Visitors

free counters

9.29.2009

Speed Limit Ahead


Greetings All,
This weeks
'thought'' comes from Michael Yaconelli's book "Messy Spirituality." It's a book for people tired of the relentless parade of success stories. It's for people who know their imperfections all too well and wrestle with sins they never quite conquer. It's for people who know their desperate need for God's grace in Jesus and cling to it with all tenacity.

The premise of the book (in my opinion) is found on page 13 where he states: "Accepting the reality of our broken, flawed lives is the beginning of spirituality not because the spiritual life will remove our flaws but because we let go of seeking perfection and, instead, seek God, the one who is present in the tangledness of our lives. Spirituality is not about being fixed; it is about God's being present in the mess of our unfixedness."

Michael passed away a few years back after spending 42 years in ministry. This thought is in memory of him. For his willingness to be transparent and for his many helpful insights.

The Sin of Speed and the Need for Increasing Slowness

"When my children were young, track meets filled part of each week during the spring. One particularly hot spring day, I attended a junior high track meet, arriving in the middle of the boys' 1500 meter race. During the last lap of the race, the audience stood, cheering two boys running side by side for the final 50 meters. A short distance behind them ran a pack of about four or five boys jockeying for third place... As I looked down the track, I saw one boy lagging far behind. Poor kid. The portly seventh grader struggled for each breath, his face red and sweaty, the main artery in his neck bulging and throbbing to supply oxygen to his deprived muscles. Suddenly the woman to my left stepped over me and rushed down to the railing overlooking the track -- obviously the boy's mother. She screamed, 'Johnny, run faster!' I wish you could have seen the incredulous look on the boy's face. He had to be thinking, 'Mom! I'm running as fast as I can!'

Spiritual growth does not happen by running faster. What keeps many of us from growing is not sin but speed. Most of us are like Johnny. We are going as fast as we can, living life at a dizzying speed, and God is nowhere to be found. We're not rejecting God; we just don't have time for him. We've lost him in the blurred landscape as we rush to church. We don't struggle with the Bible, but with the clock. It's not that we're too decadent; we're too busy. We don't feel guilty because of sin, but because we have no time for our spouses, our children, or our God. It's not sinning too much that's killing our souls, it's our schedule that's annihilating us. Most of us don't come home at night staggering drunk. Instead, we come home staggering tired, worn out, exhausted, and drained because we live too fast.
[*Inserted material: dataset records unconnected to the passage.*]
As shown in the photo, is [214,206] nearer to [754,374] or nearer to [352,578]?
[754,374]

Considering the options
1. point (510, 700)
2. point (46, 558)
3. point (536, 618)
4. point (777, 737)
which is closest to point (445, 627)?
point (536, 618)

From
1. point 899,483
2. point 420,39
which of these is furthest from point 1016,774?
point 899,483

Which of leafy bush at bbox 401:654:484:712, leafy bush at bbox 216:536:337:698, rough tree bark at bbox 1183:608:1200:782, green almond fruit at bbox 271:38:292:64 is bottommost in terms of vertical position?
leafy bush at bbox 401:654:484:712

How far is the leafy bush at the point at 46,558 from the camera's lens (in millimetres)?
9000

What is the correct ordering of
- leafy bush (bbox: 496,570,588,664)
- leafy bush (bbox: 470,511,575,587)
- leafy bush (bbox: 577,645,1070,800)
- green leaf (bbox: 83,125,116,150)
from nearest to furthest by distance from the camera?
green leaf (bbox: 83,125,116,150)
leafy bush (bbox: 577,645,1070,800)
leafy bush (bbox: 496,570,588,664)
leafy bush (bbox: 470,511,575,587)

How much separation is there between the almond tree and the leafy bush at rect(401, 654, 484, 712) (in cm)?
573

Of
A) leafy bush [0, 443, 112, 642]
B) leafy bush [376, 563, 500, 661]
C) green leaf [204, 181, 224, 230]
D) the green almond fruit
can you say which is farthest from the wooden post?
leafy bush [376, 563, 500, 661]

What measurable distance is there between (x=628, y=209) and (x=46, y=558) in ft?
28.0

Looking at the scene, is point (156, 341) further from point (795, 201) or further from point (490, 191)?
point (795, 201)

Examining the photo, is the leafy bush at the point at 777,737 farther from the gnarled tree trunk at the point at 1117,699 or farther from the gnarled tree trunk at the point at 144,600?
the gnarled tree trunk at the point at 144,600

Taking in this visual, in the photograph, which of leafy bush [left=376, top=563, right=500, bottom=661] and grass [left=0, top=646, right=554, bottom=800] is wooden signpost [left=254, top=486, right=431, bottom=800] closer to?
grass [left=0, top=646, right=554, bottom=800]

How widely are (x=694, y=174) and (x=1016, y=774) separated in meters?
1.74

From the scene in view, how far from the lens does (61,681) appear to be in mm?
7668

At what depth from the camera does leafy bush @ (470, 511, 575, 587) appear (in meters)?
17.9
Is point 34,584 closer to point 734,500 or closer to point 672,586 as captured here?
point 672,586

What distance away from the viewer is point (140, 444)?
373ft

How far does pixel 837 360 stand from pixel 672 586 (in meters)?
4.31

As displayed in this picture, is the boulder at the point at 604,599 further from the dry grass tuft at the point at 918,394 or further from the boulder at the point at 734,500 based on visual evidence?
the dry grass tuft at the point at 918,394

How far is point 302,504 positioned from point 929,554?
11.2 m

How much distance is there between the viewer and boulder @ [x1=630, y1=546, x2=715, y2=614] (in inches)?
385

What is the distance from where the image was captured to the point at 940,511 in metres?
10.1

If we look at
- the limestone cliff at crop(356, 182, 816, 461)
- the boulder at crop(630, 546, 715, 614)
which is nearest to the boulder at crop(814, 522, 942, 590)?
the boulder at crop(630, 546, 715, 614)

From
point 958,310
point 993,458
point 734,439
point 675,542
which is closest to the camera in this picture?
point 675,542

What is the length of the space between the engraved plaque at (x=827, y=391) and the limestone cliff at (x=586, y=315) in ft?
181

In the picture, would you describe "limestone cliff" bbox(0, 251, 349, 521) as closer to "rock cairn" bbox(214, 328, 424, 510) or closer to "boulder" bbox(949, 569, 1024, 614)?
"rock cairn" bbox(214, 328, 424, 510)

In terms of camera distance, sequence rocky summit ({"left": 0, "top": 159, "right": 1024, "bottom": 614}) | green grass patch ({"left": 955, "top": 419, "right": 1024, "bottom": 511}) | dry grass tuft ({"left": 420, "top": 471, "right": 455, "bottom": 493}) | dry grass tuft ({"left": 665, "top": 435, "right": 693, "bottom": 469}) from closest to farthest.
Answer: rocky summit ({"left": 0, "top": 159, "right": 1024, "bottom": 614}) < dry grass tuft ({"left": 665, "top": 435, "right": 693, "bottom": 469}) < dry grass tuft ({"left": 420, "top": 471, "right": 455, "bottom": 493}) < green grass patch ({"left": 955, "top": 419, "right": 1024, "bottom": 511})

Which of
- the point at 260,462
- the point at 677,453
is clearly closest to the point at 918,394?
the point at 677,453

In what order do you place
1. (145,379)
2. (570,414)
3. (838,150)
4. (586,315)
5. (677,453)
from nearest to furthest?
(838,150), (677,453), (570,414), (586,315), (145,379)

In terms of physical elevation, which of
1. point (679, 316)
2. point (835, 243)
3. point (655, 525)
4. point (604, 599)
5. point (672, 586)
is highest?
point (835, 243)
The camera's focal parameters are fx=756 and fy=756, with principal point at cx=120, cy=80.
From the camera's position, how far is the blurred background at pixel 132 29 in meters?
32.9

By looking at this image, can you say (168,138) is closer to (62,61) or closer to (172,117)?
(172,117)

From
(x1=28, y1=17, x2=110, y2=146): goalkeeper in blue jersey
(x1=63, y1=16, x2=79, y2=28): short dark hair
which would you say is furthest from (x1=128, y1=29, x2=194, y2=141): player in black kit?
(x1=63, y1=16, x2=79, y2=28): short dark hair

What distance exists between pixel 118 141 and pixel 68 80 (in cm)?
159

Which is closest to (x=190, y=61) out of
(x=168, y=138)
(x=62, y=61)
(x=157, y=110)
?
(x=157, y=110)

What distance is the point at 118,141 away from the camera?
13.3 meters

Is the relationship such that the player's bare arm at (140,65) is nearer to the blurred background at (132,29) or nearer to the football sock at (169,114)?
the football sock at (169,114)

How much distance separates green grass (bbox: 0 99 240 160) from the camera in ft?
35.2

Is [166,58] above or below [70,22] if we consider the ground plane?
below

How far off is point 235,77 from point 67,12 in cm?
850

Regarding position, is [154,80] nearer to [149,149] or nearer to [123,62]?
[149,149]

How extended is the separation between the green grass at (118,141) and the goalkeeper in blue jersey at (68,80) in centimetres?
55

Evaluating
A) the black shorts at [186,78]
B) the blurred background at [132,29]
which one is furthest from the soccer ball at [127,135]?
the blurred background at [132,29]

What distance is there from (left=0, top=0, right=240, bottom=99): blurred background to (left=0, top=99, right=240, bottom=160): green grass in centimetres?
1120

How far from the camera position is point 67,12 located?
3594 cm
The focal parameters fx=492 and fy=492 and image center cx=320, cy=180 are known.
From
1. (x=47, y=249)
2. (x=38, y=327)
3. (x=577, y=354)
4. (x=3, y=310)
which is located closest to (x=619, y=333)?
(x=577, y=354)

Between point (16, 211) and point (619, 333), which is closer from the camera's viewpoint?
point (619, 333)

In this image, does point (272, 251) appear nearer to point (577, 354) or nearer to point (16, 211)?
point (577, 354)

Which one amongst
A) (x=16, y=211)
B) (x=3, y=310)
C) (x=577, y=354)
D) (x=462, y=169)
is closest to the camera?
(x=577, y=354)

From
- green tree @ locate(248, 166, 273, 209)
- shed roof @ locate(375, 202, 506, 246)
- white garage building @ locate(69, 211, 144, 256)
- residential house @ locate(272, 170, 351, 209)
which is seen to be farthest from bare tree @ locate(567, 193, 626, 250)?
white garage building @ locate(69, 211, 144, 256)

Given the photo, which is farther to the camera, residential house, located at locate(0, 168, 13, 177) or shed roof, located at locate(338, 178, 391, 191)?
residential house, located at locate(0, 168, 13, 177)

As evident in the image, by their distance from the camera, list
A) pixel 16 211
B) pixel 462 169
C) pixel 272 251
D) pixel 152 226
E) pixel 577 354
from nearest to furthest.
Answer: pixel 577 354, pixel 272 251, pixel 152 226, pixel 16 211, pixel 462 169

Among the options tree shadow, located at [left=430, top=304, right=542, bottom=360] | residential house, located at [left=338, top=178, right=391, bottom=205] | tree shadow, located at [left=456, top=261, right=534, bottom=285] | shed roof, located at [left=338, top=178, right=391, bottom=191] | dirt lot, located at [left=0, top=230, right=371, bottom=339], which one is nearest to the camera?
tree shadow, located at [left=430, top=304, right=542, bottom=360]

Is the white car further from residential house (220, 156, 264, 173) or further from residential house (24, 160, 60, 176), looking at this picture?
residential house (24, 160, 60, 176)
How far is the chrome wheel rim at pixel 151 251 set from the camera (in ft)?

Speed is not neutral. Fast living used to mean a life of debauchery; now it just means fast, but the consequences are even more serious. Speeding through life endangers our relationships and our souls. Voices surround us, always telling us to move faster. It may be our boss, our pastor, our parents, our wives, our husbands, our politicians or sadly, even ourselves. So we comply. We increase the speed. We live life in the fast lane because we have no slow lanes anymore. Every lane is fast, and the only comfort our culture can offer is more lanes and increased speed limits. The result? Too many of us are running as fast as we can, and an alarming number of us are running much faster than we can sustain.

Speed damages our souls because living fast consumes every ounce of our energy. Speed has a deafening roar that drowns out the whispering voices of our souls and leaves Jesus as a diminishing speck in the rear view mirror. Spiritual growth is not running faster, as in more meetings, more Bible studies, and more prayer meetings. Spiritual growth happens when we slow our activity down. If we want to meet Jesus, we can't do it on the run. If we want to stay on the road of faith, we have to hit the brakes, pull over to the rest area, and stop. Christianity is not about inviting Jesus to speed through life with us; it's about noticing Jesus sitting at the rest stop...

The ugly truth, however, is that many of us do not know how to rest. Actually, we do know how to rest; we simply refuse to rest. [Adrenaline can be addicting!] * Rest is a decision we make. Rest is choosing to do nothing when we have too much to do, slowing down when we feel pressure to go faster, stopping instead of starting. Rest is listening to our weariness and responding to our tiredness, not to what is making us tired. Rest is what happens when we say one simple word: 'No!'

[Yet] Rest is the ultimate humiliation, because in order to rest, we must admit we are not necessary, that the world can get along without us, that God's work does not depend on us. Once we understand how unnecessary we are, only then might we find the right reasons to say yes. Only then might we find the right reasons to decide to be with Jesus, instead of working for him. Only then might we have the courage to take a nap with Jesus."

( * Parenthetical insertion my own. Learned by the experience of a fellow speeder.)